Now that the factories have been linked to the chemicals, earlier observed patterns of chemical releases can be attributed to factories' patterns of operation. From the above Factory-Chemical table, it is not possible to pinpoint a specific factory to the chemicals AGOC-3A and Appluimonia, so they will not be considered in this segment. It is notable however that these two chemicals are the least dangerous of the four as stated before.
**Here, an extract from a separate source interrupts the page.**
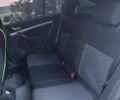 Сірий Шкода Октавія, об'ємом двигуна 1.6 л та пробігом 257 тис. км за 5300 $, фото 3 на Automoto.ua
RFE has been found to be the main producer of Chlorodinine, and patterns of Chlorodinine in Qn 2b point towards the possibility that RFE could be on an year-long expansion project, which would explain the steady increase of Chlorodinine readings from April to December picked up by Monitor 4 (turquoise). It should be noted that RFE is the factory located closest to Monitor 4, as shown below (RFE=Roadrunner).

RFE Monitor 4.JPG

KOF is the main produce of Methylosmolene. As mentioned in Qn 2b, there is an observed patterned of heightened readings of this chemical around 12 a.m., which could be the time that KOF releases its Methylosmolene waste into the environment. It should be noted that the spikes around midnight are mostly recorded on Monitor 6 (yellow), and from the cropped image of the map above, it can be seen that monitor 6 is the monitor closest to KOF (Kasios).

Conclusion

In conclusion, the two companies most likely to be responsible for the downfall of the Rose-crested Blue Pipit bird populations are Roadrunner Fitness Electronics (RFE) and Kasios Office Furniture (KOF). This is because the two chemicals that these two companies are suspected to be the largest releasers of are the most toxic. Among the two, RFE is more likely to be the main culprit as Methylosmolene, the chemical tied to KOF, is required by law to be neutralised before release, and assuming that KOF is a law-abiding company as mentioned in the task overview, KOF may be releasing neutralised Methylosmolene which is much less likely to cause harm to the Blue Pipit birds.